Similarly, the programme envisages “development’ in these districts as taking place in isolation from wider development. For instance, under skill development, the programme seeks to encourage industry-relevant training and apprenticeship of youth. However, in an environment of jobless growth (Raveendran and Kannan 2009; Abraham 2017), it is not difficult to see how, without a more macro-level effort towards job creation (for example, investment in job-creating industries, supporting medium and small manufacturing enterprises and even making agriculture viable), this will merely be lip service. The aim of improving price realisation by farmers through ensuring the implementation of minimum support prices and linking through new market initiatives like the e-NAM wilfully ignores the problems with the procurement process, presence of exploitative traders and moneylenders, and problems even with digitisation processes.
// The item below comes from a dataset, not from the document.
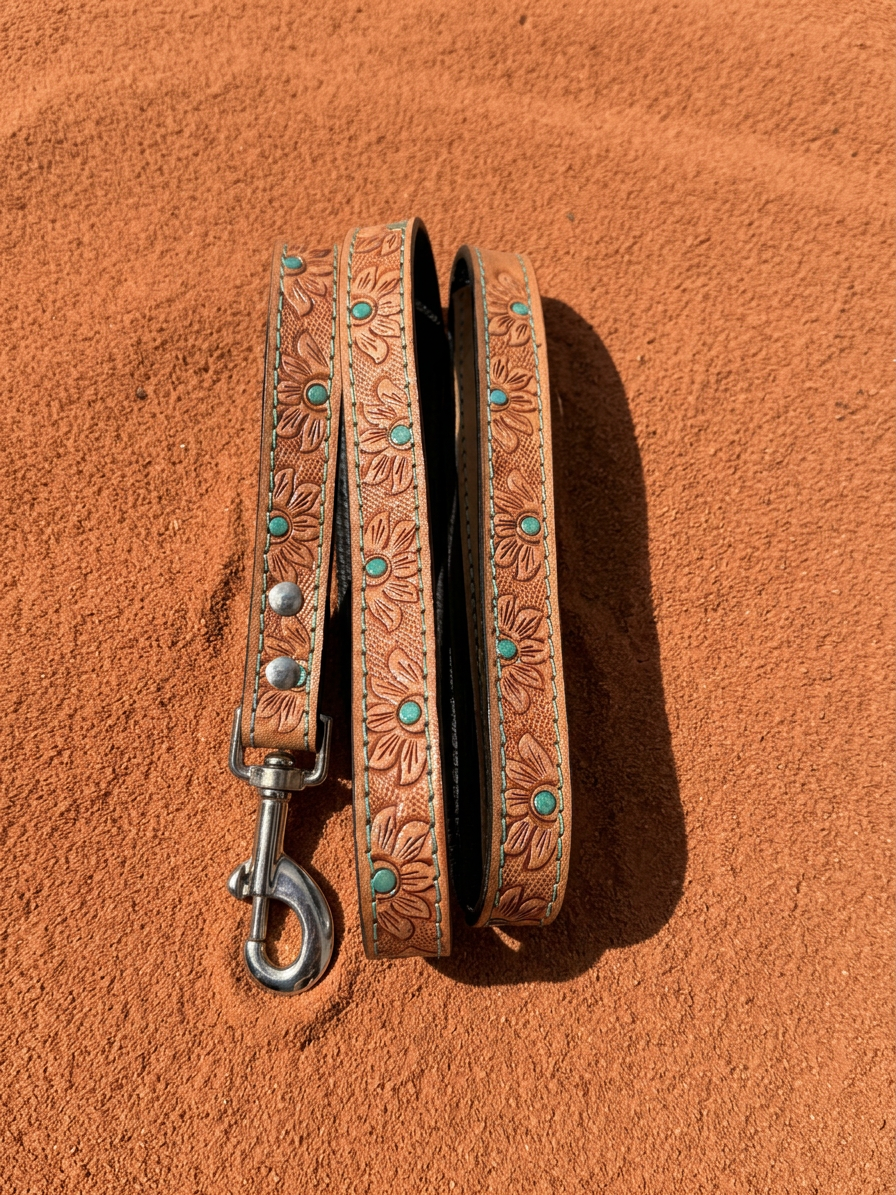 Turquoise Bloom leather dog leash, tan tooled flowers with turquoise accents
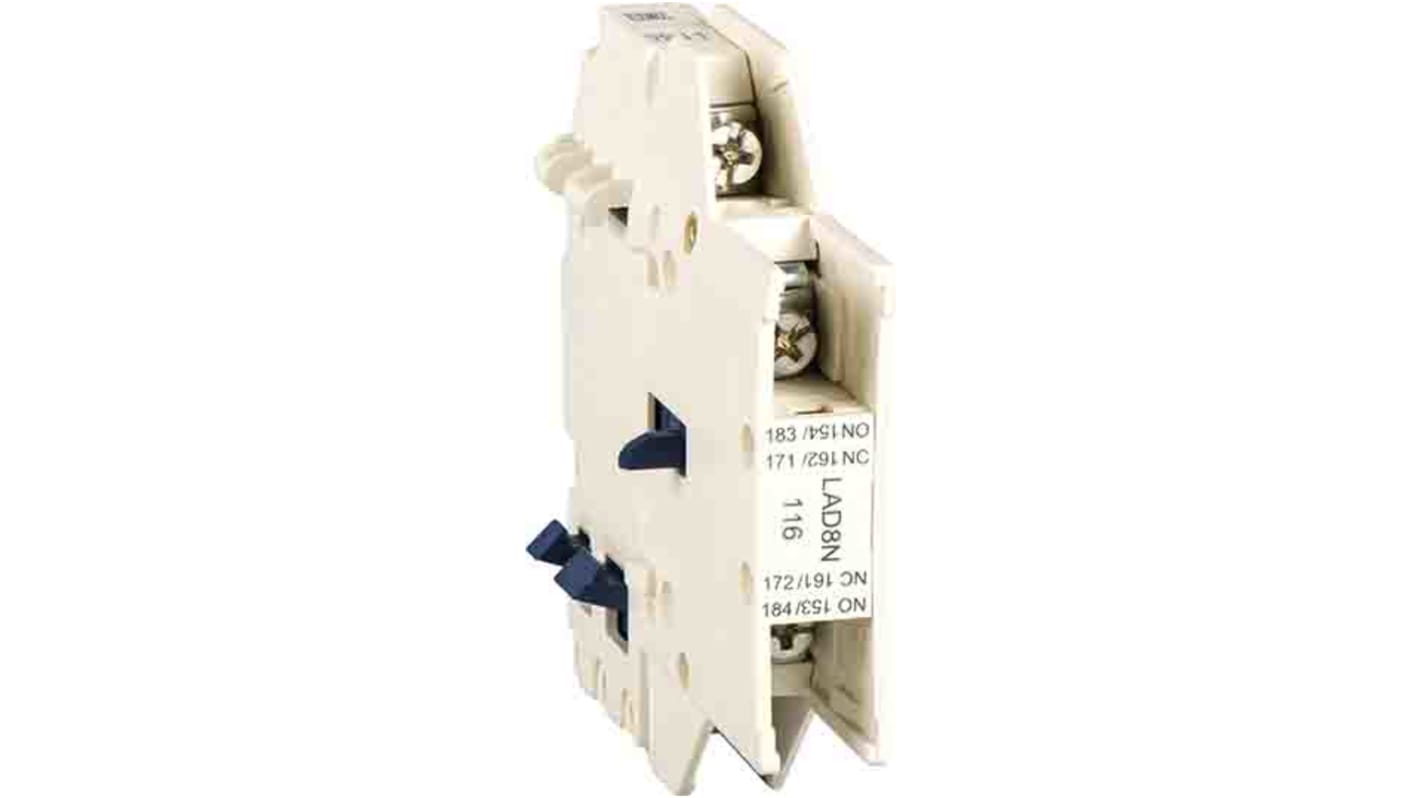 Blocco di contatti ausiliari Schneider Electric, 1 N/C + 1 N/A, per guida DIN, serie LAD8N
Addressing some of these issues effectively requires political will and state capacity in equal measure. That the ADP conveniently sidesteps these issues is symptomatic of what has become of the development project in neo-liberal India and makes one nearly nostalgic about the otherwise problematic five-year plans. The working of the Planning Commission was neither fully democratic nor particularly meaningful in the years leading up to its dissolution (Athreya 2016; Patnaik 2015). Yet, it represented, at least in principle, the understanding that addressing socio-economic problems requires mobilising resources at various levels of the government. It remains to be seen how district and block level administrative officers play catch-up in a situation of such structural and fiscal constraints.
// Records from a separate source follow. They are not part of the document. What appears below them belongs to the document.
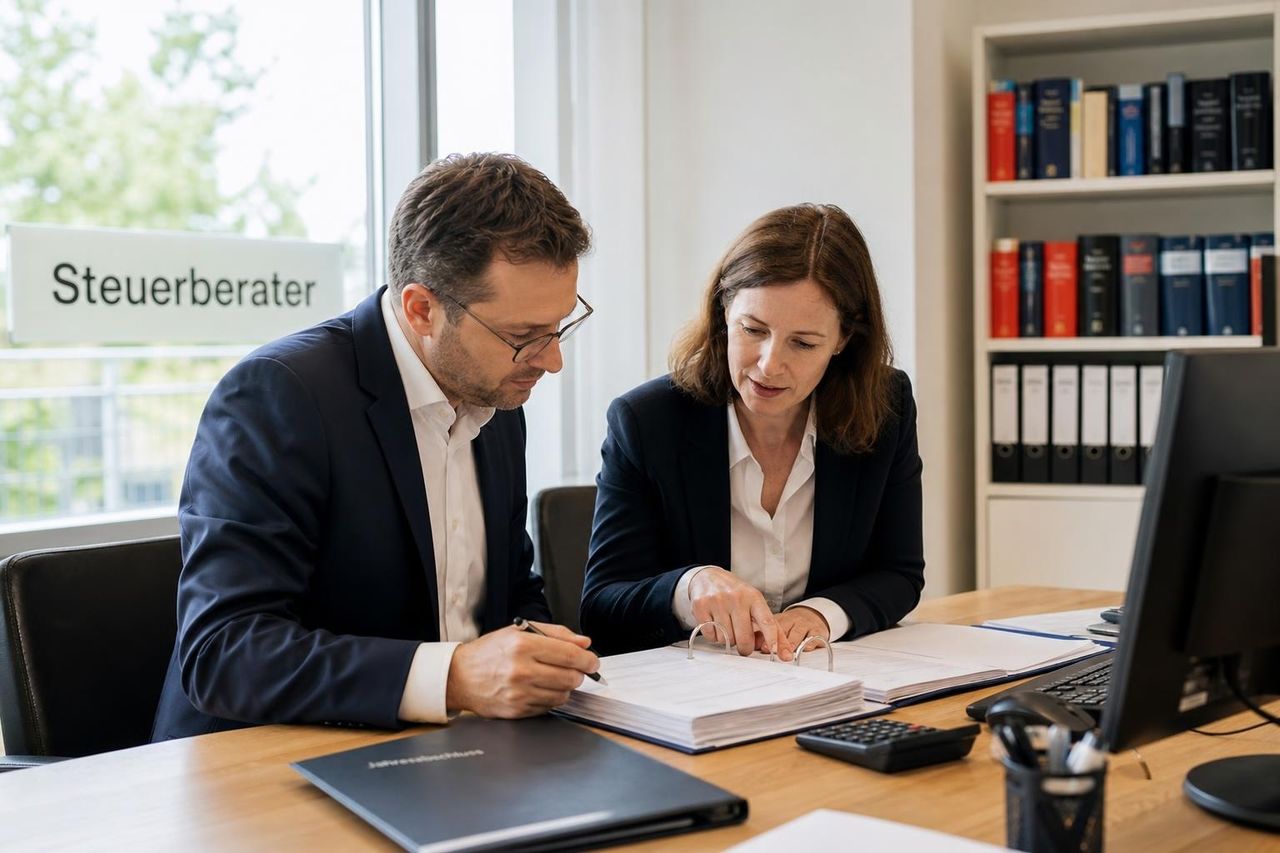 Steuerberater im Mandantengespräch — professioneller Imagefilm für Steuerkanzleien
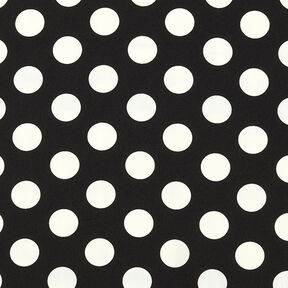 Crêpe Gewebe Polka Dots [2,5 cm] – schwarz/wollweiss, 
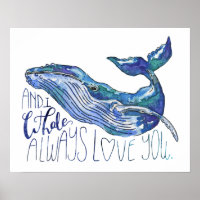 Aquarelle Baleine - I Whale Toujours Vous Aimez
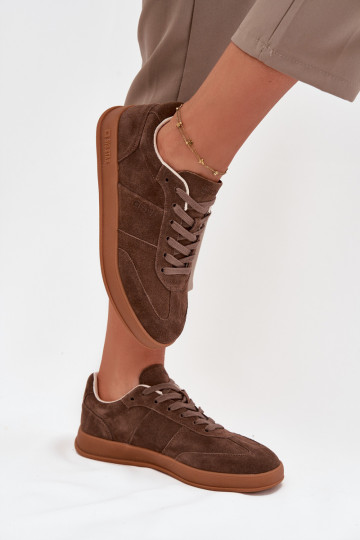 en daim Chaussures modèle baskets Féminin Big Star SS274676 HI-POLY SYSTEM marron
The NITI Aayog justifies the overall approach as capitalising on “low-hanging fruit.” Sure, in ISSN (Online) - 2349-8846

a macro-environment where state policy is fixated on fiscal discipline, this seems like an attractive option. But how often in the history of the development project have such strategies yielded long-term and sustainable results? Just think of the debates around the Green Revolution’s technological package (Kumar 2016) or the more recent cash transfers (EPW 2011). In fact, not only do these “aspirational districts” have to catch up with the best in the state and the country, but they must also compete with each other. In an extreme manifestation of neo-liberal governmentality, the state is supposed to merely facilitate and watch as these districts battle each other out. Within this logic, the backward district will be responsible for its backwardness, this being akin to blaming the poor for their poverty. Between Discourse and Practice

There is another issue of concern with the programme, namely, its discourse. Reading the programme documents (NITI Aayog 2018a; NITI Aayog 2018b), one realises that the ghost of “modernisation theory” (Rostow 1960) is still with us in the 21st century. Much like Rostow on the industrialised societies, the ADP has decided that the districts with the best indicators of health, nutrition and basic infrastructure are the “frontier.” The lower ranked districts now have to catch up with these districts, and they will be reminded of this through a constant calculation of “distance to frontier.”
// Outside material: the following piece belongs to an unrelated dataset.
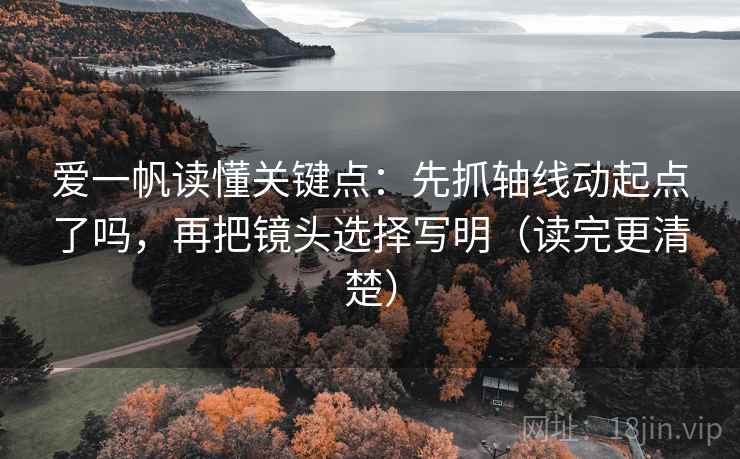 爱一帆读懂关键点:先抓轴线动起点了吗,再把镜头选择写明(读完更清楚) 第2张 爱一帆读懂关键点:先抓轴线动起点了吗,再把镜头选择写明(读完更清楚) 第2张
Not only this, the NITI Aayog extols the virtue of naming and shaming as a way of getting these districts to improve. This is quite problematic. While on the one hand, the state is not making any new or focused public investment (except for a possible use of flexi-funds) into these districts, on the other hand it is moralising about their inability to improve.

In fact, there is a real irony in how the programme is named and framed. The name “aspirational districts” is supposed to signal the demand from below of people for development. However, the programme’s managerial focus and scheme-driven nature appears to make little allowance for the actual developmental aspirations of the people on the ground. In the same vein, Aiyar (2018) has argued that it would be misplaced to expect such a district-level programme to deliver without strengthening decentralisation of resources and decision-making powers. Despite its focus on “competitive federalism,” the programme remains quite top-down.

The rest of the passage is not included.